Captioned web image data:
--- START ---

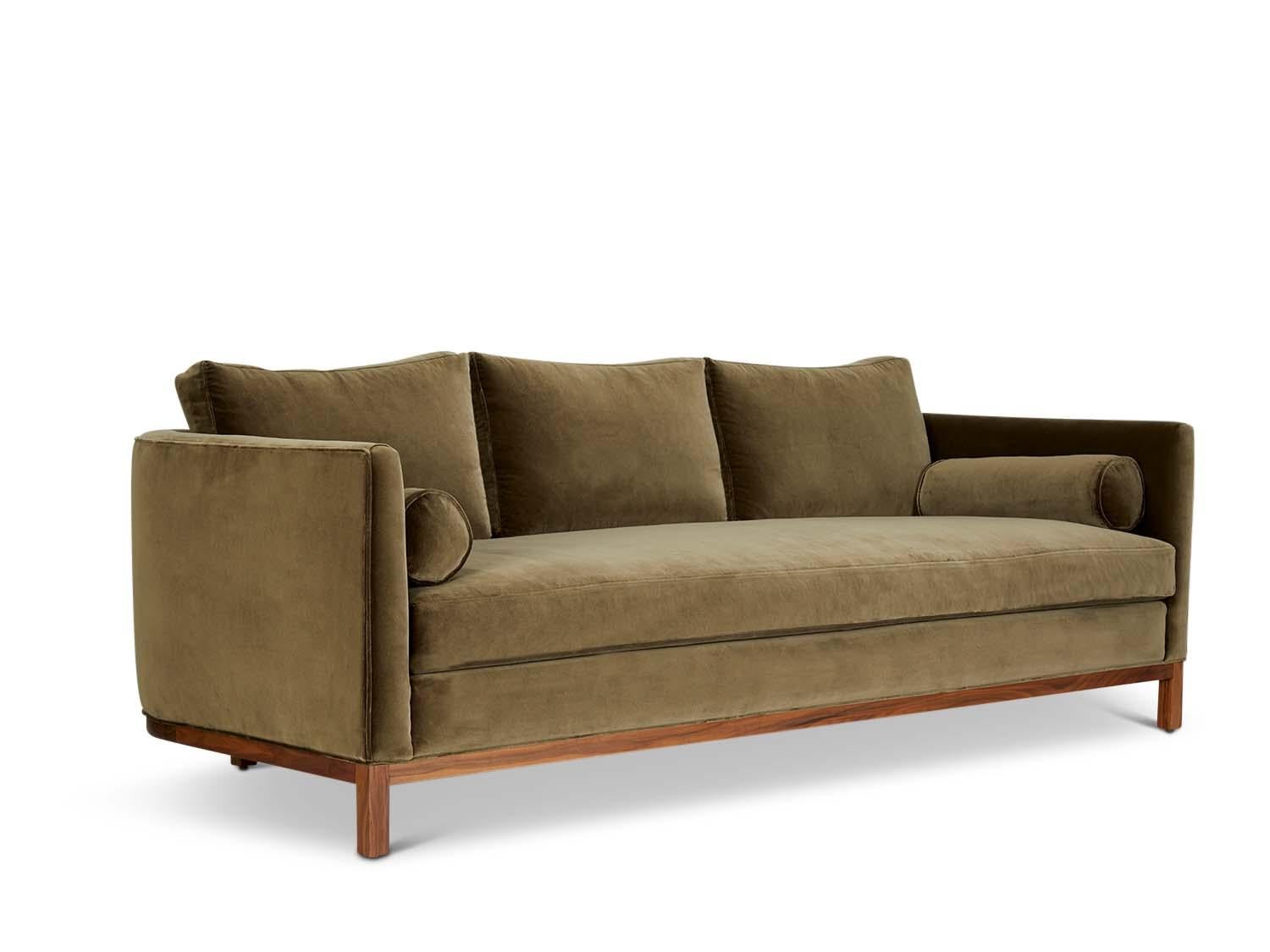 The curved back sofa is a tuxedo style sofa with curved corners and features a single down-wrapped, seat cushion with 3 down-wrapped, removable back cushions and two bolsters. The base can be made in American walnut, white oak or metal. 

The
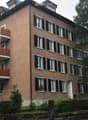 5-story building, red balconies, multiple windows, brown walls, entrance door, plant pots on balconies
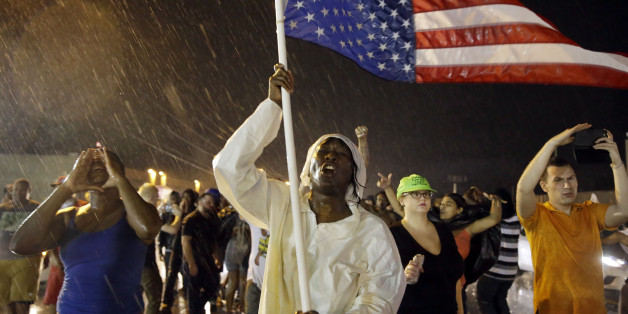 Protesters march in the rain, Sunday, Aug. 9, 2015, in Ferguson, Mo. Sunday marks one year since Michael Brown was shot and killed by Ferguson Police Officer Darren Wilson. (AP Photo/Jeff Roberson)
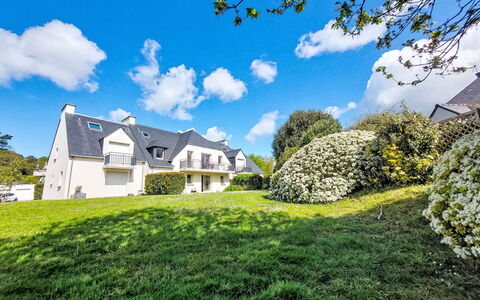 Les Demeures du Parc: Blue, Shrub, Residential Area, Home, Estate, Garden, Cottage, Lawn, Landscaping, Suburb
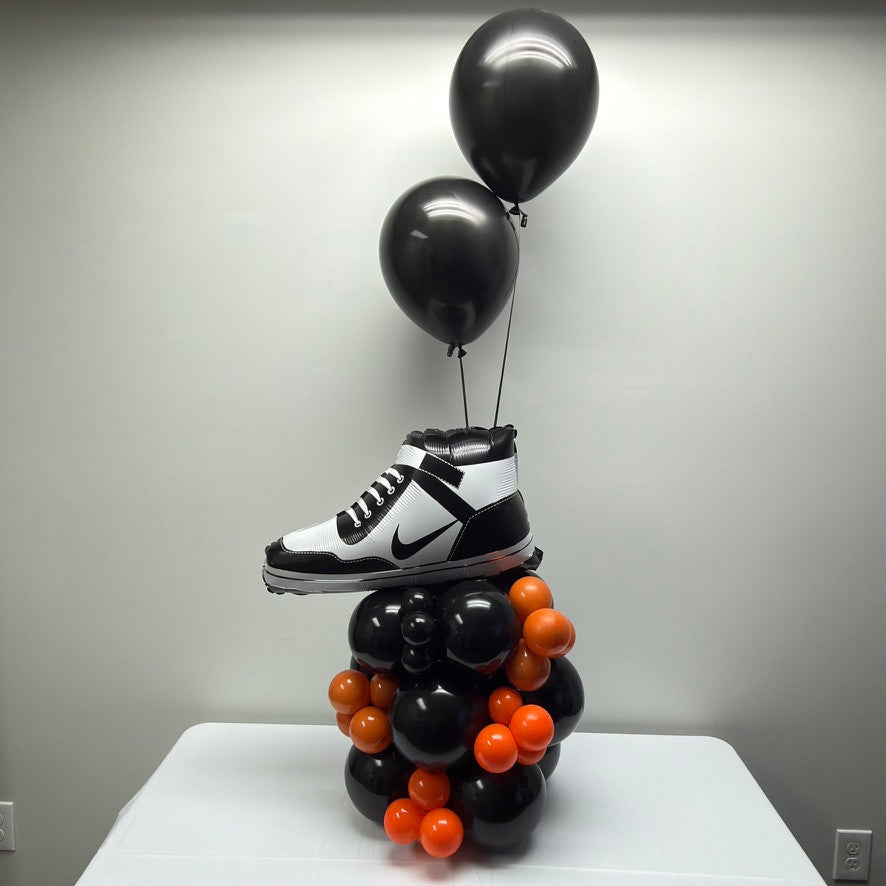 Sneaker-themed custom helium balloon design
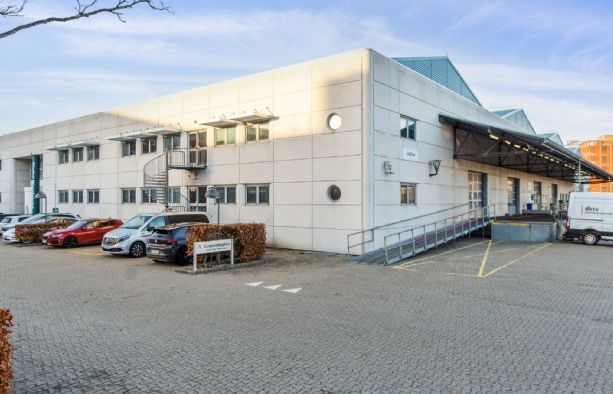 Lagerbygning med udsigt til parkeringsplads og flere biler parkeret udenfor bygningen
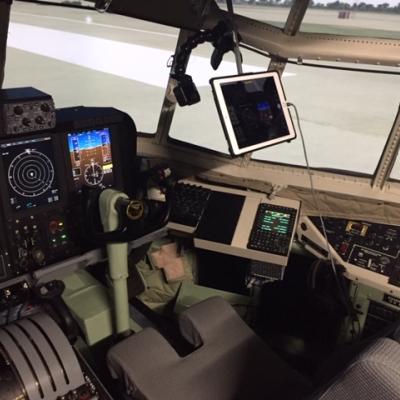 A GoPro camera installed in the cockpit of the C-130T Avionics Obsolescence Upgrade Operational Flight Trainer at Naval Air Station Fort Worth Joint Reserve Base allowed teams in four separate locations around the country to observe a software test while adhering to COVID-19 restrictions. (U.S. Navy photo by Mark J. VanMinsel)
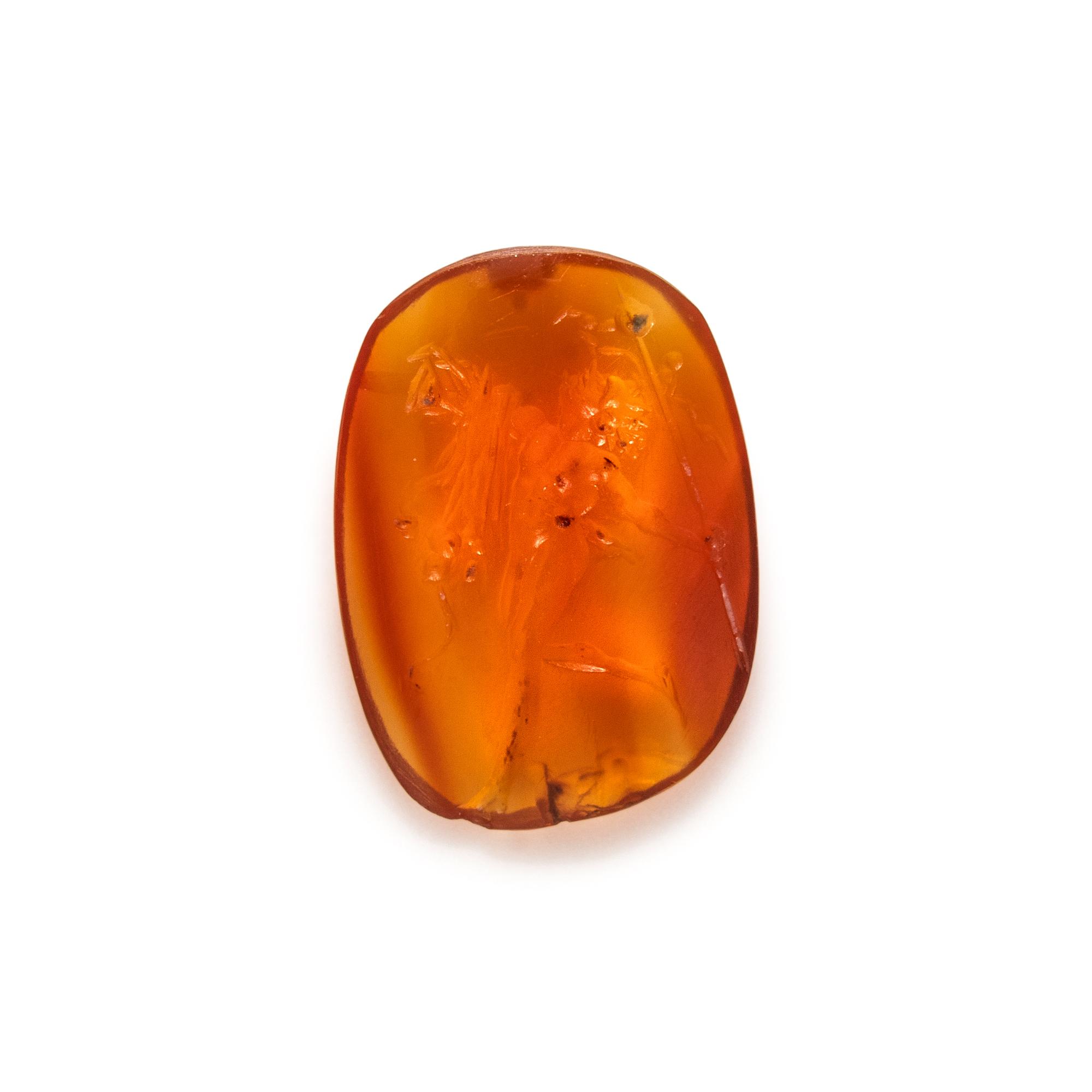 A Roman Carnelian Intaglio with a Dancing Satyr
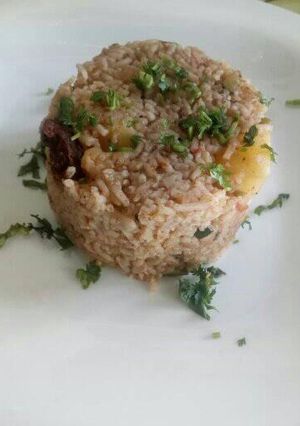 A picture of Goat pilau with potatoes and coconut.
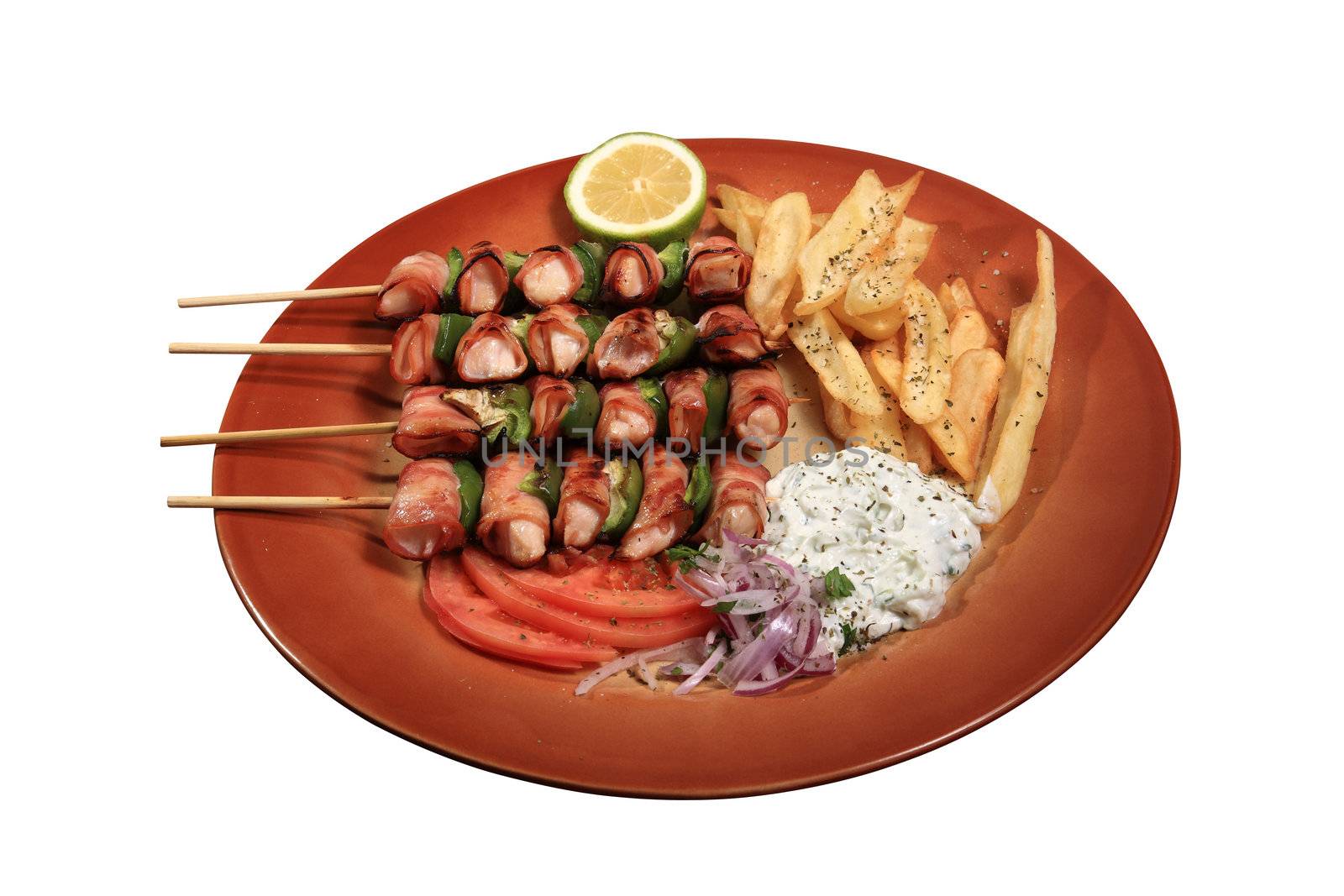 chicken skewers with beacon and green peppers served on a plate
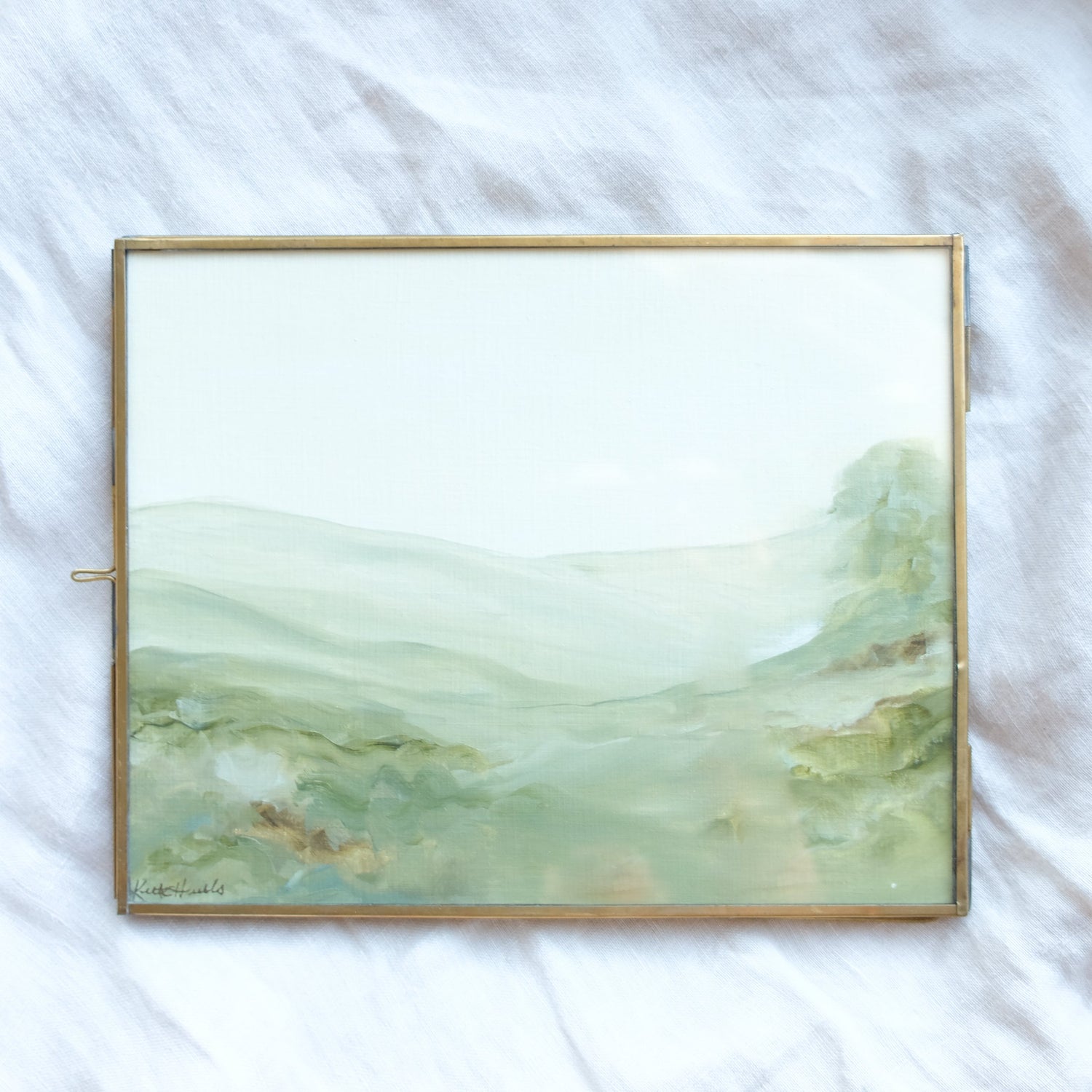 A framed landscape photo of an impressionist green hill and one tree in the distance.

--- END ---

EXERCISE DIRECTIONS — The copy must start at the line containing "Lagerbygning med udsigt" and end at the last line of the data, matching each line exactly. It must hold no pictures.

ANSWER AREA —
 Lagerbygning med udsigt til parkeringsplads og flere biler parkeret udenfor bygningen
 A GoPro camera installed in the cockpit of the C-130T Avionics Obsolescence Upgrade Operational Flight Trainer at Naval Air Station Fort Worth Joint Reserve Base allowed teams in four separate locations around the country to observe a software test while adhering to COVID-19 restrictions. (U.S. Navy photo by Mark J. VanMinsel)
 A Roman Carnelian Intaglio with a Dancing Satyr
 A picture of Goat pilau with potatoes and coconut.
 chicken skewers with beacon and green peppers served on a plate
 A framed landscape photo of an impressionist green hill and one tree in the distance.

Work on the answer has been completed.